Step S10: communicatively establishing a connection through a user equipment (UE), a base station and a core network. In step S10, a test environment 11 can be executed by the information security detection device 10 or other hardware equipment to establish a virtual base station 12 and multiple user equipment 13 in a simulation manner, so as to further simulate messages (including content to be transmitted) and steps required before and after the base station 12, the user equipment 13 and the core network 14 are communicatively connected to one another. In addition, in step S10, the base station 12 can be configured to disable encryption mechanism of the first interface 15 and the second interface 16, or the information security detection device 10 can be configured to establish a connection with a security gateway of the core network 14, thereby ensuring that packets transmitted through the first interface 15 and the second interface 16 can be successfully captured and analyzed.

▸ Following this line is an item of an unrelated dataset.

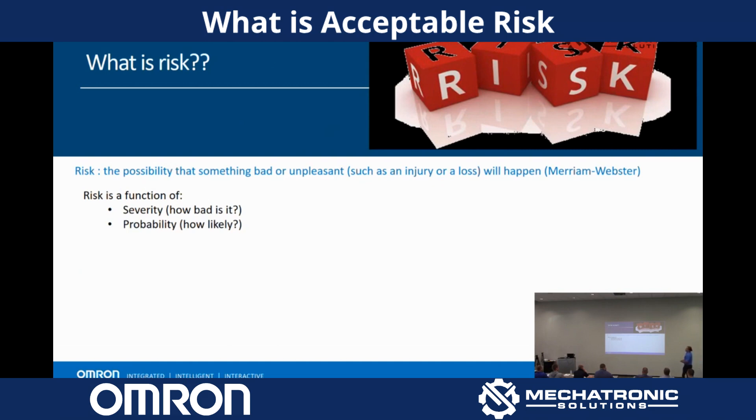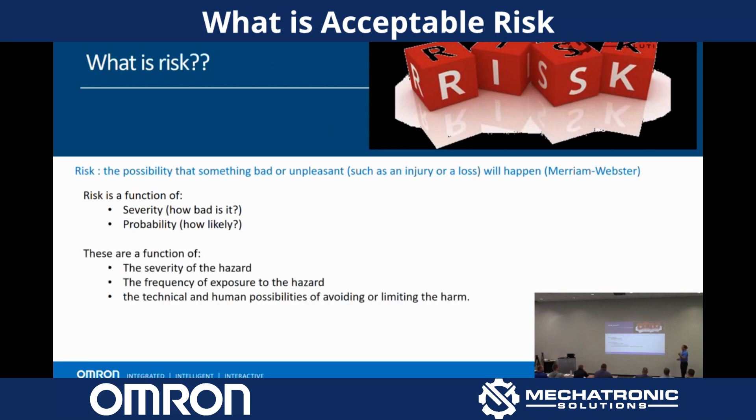Risk is a function of the severity of the incident and the probability — those are the two main factors that play into risk. Severity of the hazard, and the probability is a function of the frequency of exposure to the hazard.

Step S11: configuring the UE to transmit an uplink non-access stratum (NAS) transport message and a protocol data unit (PDU) session establishment request to the core network through the base station. Referring to FIG. 3, FIG. 3 is a first timing diagram of the information security detection method according to one embodiment of the present disclosure. In step S11, the user equipment 13 can transmit the uplink NAS transport message M1 and the PDU session establishment request M2 to an access and mobility function (AMF) entity 140 of the core network 14 through the base station 12.

It should be noted that after the UE 13 transmits the uplink NAS transport message M1 and the PDU session establishment request M2 to the AMF entity 140 through the base station 12, the AMF entity 140 further transmits a PDU session establishment message M3 to a session management function (SMF) entity 141. After the request is successful, the SMF entity 141 returns a request success message M4 to the AMF entity 140 and communicates with a policy control function (PCF) entity 142 of the core network 14. During the communication process, the SMF entity 141 can send a session management (SM) policy association request M5 to the PCF entity 142. After the request is successful, the PCF entity 142 will return a request success message M6 to the SMF entity 141 and generate corresponding SM policy information.

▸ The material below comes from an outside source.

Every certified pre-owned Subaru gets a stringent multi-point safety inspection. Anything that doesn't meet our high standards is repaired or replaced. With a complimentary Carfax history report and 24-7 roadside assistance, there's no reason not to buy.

Next, the SMF entity 141 transmits a packet data convergence protocol (PDCP) session establishment request M7 to a user plane function (UPF) entity 143. In response to receiving a PDCP session establishment response M8 from the UPF entity 143, the SMF entity 141 further obtains a user plane (UP) security policy from a unified data management (UDM) entity 144. In detail, the SMF entity 141 can first send a session management (SM) data request M9 to the UDM entity to require for returning the UP security policy, and the UDM entity 144 returns the UP security policy data required to the SMF entity 141 along with a request success message M10.

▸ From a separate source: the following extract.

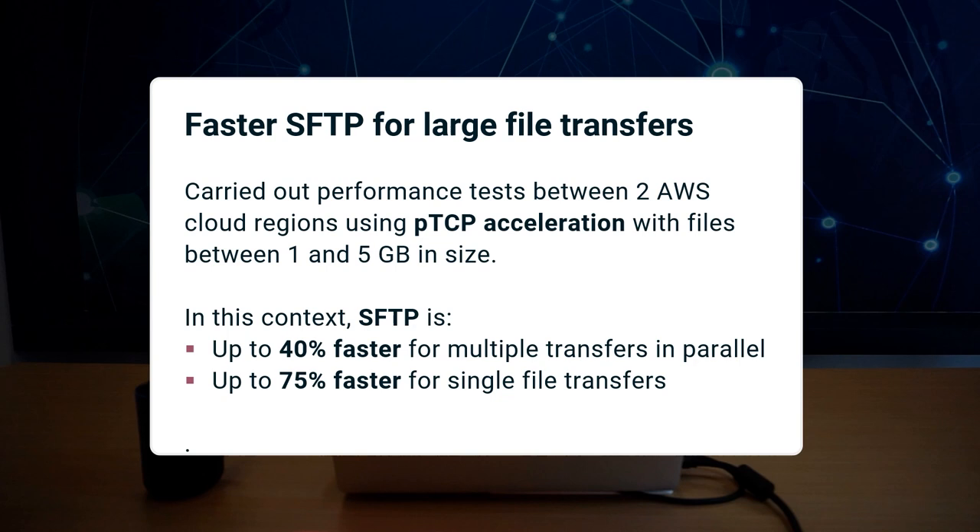In this release, SFTP between two cloud regions using PTCP is 40 to 75% faster.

Step S12: configuring the UE to receive a first signaling and a second signaling from the core network through an N2 interface of the base station. In step S12, the UE receives the first signaling and the second signaling from the AMF entity 140 through the N2 interface of the base station, the first signaling is a PDU session resource setup request signaling, and the second signaling is a PDU session establishment accept signaling.

In step S12, as shown in FIG. 3, the SMF entity 141 can send an N1/N2 message transfer request M11 to the AMF entity 140, and after the AMF entity 140 returns a request success message M12, the SMF entity 141 further transmits a PDU session resource setup request signaling M13 and the PDU session establishment accept signaling M14 to the UE 13 through the first interface 15 (e.g., the N2 interface) of the base station 12.

Step S13: capturing the first signaling and checking whether or not the first signaling contains a security indication information element (IE). In step S13, the information security detection device 10 can capture packets received through the first interface 15 of the base station 12, so as to extract and analyze the PDU session resource setup request signaling M13 of the captured packets.

In response to determining that the security indication IE is contained in the first signaling, the security information detection method proceeds to step S14: determining whether or not the security indication IE is consistent with the UP security policy of the UDM entity of the core network, so as to determine whether or not the SMF entity of the core network passes a first security test case.

In detail, in 3GPP's 5G security assurance specification (SCAS), test cases for the SMF entity are defined in the technical specification (TS) version 33.515, such as priority of UP security policy test required in chapter 4.2.2.1.1. In step S14, a management interface of the UDM entity 144 of the core network 14 provided by 5G network provider can be used to determine whether or not parameters set in the UP security policy are the same as the security indication IE in the PDU session resource setup request signaling M13.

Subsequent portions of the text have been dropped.